BEGIN EXERCISE INPUTS

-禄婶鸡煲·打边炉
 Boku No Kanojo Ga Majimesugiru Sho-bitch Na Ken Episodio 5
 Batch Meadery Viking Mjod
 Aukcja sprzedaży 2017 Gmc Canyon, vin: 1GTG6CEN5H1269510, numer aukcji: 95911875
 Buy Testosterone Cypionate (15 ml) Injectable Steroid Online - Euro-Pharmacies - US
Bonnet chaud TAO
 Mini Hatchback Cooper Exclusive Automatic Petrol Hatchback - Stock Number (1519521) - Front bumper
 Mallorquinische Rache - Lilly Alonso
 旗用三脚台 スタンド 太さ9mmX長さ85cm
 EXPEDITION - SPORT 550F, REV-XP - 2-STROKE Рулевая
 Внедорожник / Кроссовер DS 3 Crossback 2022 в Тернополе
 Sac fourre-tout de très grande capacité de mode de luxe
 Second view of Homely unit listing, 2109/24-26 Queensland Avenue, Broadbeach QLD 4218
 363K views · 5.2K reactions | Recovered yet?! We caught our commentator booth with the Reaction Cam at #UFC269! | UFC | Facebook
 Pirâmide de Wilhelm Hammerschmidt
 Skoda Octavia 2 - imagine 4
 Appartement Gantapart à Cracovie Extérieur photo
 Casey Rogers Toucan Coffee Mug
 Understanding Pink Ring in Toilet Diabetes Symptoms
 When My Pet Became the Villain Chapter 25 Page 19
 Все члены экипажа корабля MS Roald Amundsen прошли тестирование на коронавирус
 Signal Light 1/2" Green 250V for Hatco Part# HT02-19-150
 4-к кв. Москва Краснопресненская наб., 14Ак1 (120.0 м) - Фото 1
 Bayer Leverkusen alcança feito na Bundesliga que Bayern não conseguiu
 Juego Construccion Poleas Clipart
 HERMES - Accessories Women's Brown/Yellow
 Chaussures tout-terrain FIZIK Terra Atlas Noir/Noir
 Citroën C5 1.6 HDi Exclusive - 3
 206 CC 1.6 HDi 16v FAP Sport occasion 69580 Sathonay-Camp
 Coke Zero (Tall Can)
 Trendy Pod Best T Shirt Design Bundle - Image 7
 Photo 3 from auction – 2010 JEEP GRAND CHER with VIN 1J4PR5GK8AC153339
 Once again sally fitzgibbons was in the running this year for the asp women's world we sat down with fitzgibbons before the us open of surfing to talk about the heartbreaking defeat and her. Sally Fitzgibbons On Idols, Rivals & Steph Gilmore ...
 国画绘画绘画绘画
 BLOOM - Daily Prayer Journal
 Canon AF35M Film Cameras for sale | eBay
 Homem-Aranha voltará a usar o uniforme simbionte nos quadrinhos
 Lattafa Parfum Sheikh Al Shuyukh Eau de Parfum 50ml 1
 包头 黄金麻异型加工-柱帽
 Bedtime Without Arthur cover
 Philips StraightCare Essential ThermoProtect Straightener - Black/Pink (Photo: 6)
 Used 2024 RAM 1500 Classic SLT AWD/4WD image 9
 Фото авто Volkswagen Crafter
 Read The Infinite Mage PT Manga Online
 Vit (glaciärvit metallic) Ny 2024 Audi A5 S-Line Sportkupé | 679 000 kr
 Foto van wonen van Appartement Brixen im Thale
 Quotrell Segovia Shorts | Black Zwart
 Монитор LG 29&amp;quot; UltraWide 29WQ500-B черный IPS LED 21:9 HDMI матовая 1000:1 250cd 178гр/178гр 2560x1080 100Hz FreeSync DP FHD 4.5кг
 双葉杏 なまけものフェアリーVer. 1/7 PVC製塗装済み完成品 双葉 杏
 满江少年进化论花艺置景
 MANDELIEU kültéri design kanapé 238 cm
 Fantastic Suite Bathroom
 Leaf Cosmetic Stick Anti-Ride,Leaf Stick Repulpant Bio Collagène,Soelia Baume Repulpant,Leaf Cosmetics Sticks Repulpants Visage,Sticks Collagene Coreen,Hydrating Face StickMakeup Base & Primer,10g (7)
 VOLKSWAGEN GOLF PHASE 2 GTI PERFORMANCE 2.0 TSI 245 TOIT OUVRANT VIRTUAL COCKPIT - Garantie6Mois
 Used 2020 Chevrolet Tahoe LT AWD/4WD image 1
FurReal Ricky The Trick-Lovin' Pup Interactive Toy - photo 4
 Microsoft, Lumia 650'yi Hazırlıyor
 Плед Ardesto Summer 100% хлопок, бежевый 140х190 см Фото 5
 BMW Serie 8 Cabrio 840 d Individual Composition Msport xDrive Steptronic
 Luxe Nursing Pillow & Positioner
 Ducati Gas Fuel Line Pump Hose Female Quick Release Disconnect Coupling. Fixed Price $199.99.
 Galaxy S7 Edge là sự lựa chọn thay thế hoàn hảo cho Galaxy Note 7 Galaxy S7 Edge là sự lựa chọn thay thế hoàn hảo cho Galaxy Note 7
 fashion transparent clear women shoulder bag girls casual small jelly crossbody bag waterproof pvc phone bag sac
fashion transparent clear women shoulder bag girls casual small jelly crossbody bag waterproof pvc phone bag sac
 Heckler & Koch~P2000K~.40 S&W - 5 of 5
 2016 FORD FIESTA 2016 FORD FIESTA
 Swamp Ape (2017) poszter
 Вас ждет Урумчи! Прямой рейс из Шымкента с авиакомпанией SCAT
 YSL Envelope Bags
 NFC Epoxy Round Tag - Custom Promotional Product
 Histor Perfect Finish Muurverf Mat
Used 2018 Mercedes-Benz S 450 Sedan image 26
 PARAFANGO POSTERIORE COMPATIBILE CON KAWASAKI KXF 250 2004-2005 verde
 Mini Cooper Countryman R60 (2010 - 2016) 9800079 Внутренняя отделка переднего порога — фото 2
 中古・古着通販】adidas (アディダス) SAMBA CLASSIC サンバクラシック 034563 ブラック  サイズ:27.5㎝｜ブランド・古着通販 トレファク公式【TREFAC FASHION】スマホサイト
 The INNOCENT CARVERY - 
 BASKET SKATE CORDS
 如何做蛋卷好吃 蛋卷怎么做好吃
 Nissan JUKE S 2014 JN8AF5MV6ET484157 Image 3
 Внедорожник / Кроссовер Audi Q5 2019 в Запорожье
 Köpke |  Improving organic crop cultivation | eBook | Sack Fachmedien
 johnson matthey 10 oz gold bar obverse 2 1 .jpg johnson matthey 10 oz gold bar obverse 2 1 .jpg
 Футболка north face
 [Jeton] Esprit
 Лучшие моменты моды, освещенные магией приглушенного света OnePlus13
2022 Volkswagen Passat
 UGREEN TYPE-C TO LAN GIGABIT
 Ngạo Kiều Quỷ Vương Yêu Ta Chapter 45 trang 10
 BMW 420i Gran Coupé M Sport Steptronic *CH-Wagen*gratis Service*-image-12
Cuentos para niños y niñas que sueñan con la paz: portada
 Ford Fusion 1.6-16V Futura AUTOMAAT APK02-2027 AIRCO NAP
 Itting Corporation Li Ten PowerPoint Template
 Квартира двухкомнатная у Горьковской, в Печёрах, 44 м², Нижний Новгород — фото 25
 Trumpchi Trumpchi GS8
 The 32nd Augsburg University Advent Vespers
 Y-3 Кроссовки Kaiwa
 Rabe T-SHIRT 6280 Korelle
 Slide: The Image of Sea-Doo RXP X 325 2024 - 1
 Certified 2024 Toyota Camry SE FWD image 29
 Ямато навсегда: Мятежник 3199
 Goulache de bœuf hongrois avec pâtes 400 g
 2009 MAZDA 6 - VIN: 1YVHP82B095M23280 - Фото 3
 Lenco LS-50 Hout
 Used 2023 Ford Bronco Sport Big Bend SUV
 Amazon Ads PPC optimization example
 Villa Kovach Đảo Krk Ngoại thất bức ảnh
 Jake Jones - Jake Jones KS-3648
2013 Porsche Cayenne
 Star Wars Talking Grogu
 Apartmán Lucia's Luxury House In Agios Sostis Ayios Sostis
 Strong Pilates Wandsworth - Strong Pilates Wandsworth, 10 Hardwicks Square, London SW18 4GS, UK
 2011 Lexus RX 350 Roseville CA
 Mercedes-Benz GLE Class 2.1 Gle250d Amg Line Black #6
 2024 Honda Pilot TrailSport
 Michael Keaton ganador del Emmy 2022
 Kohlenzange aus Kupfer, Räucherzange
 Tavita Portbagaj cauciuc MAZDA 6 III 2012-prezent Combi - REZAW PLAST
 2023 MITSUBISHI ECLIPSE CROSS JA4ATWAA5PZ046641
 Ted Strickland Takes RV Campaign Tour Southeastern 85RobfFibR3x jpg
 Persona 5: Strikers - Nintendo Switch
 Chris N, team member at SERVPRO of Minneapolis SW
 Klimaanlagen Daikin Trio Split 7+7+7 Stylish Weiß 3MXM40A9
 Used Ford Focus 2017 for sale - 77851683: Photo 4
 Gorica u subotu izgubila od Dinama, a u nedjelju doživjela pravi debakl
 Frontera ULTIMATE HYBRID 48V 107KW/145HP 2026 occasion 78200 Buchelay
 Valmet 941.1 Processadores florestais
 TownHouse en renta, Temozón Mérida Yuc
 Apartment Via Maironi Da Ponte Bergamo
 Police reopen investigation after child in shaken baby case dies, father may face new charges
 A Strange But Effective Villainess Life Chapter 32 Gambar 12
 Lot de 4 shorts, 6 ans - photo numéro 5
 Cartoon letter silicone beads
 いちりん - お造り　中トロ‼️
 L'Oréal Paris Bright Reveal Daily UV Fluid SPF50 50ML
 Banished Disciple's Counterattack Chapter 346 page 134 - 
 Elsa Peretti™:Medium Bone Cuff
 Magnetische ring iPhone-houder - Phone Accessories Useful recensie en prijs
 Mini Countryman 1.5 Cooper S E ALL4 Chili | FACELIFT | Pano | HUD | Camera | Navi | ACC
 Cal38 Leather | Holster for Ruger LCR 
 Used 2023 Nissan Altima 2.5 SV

END EXERCISE INPUTS

_ASSIGNED TASK_
Your task is to restate, word for word, only those lines above that fall between the line holding "Mini Hatchback Cooper" and the line holding "Homem-Aranha voltará a", inclusive.

_EXPECTED ANSWER_
 Mini Hatchback Cooper Exclusive Automatic Petrol Hatchback - Stock Number (1519521) - Front bumper
 Mallorquinische Rache - Lilly Alonso
 旗用三脚台 スタンド 太さ9mmX長さ85cm
 EXPEDITION - SPORT 550F, REV-XP - 2-STROKE Рулевая
 Внедорожник / Кроссовер DS 3 Crossback 2022 в Тернополе
 Sac fourre-tout de très grande capacité de mode de luxe
 Second view of Homely unit listing, 2109/24-26 Queensland Avenue, Broadbeach QLD 4218
 363K views · 5.2K reactions | Recovered yet?! We caught our commentator booth with the Reaction Cam at #UFC269! | UFC | Facebook
 Pirâmide de Wilhelm Hammerschmidt
 Skoda Octavia 2 - imagine 4
 Appartement Gantapart à Cracovie Extérieur photo
 Casey Rogers Toucan Coffee Mug
 Understanding Pink Ring in Toilet Diabetes Symptoms
 When My Pet Became the Villain Chapter 25 Page 19
 Все члены экипажа корабля MS Roald Amundsen прошли тестирование на коронавирус
 Signal Light 1/2" Green 250V for Hatco Part# HT02-19-150
 4-к кв. Москва Краснопресненская наб., 14Ак1 (120.0 м) - Фото 1
 Bayer Leverkusen alcança feito na Bundesliga que Bayern não conseguiu
 Juego Construccion Poleas Clipart
 HERMES - Accessories Women's Brown/Yellow
 Chaussures tout-terrain FIZIK Terra Atlas Noir/Noir
 Citroën C5 1.6 HDi Exclusive - 3
 206 CC 1.6 HDi 16v FAP Sport occasion 69580 Sathonay-Camp
 Coke Zero (Tall Can)
 Trendy Pod Best T Shirt Design Bundle - Image 7
 Photo 3 from auction – 2010 JEEP GRAND CHER with VIN 1J4PR5GK8AC153339
 Once again sally fitzgibbons was in the running this year for the asp women's world we sat down with fitzgibbons before the us open of surfing to talk about the heartbreaking defeat and her. Sally Fitzgibbons On Idols, Rivals & Steph Gilmore ...
 国画绘画绘画绘画
 BLOOM - Daily Prayer Journal
 Canon AF35M Film Cameras for sale | eBay
 Homem-Aranha voltará a usar o uniforme simbionte nos quadrinhos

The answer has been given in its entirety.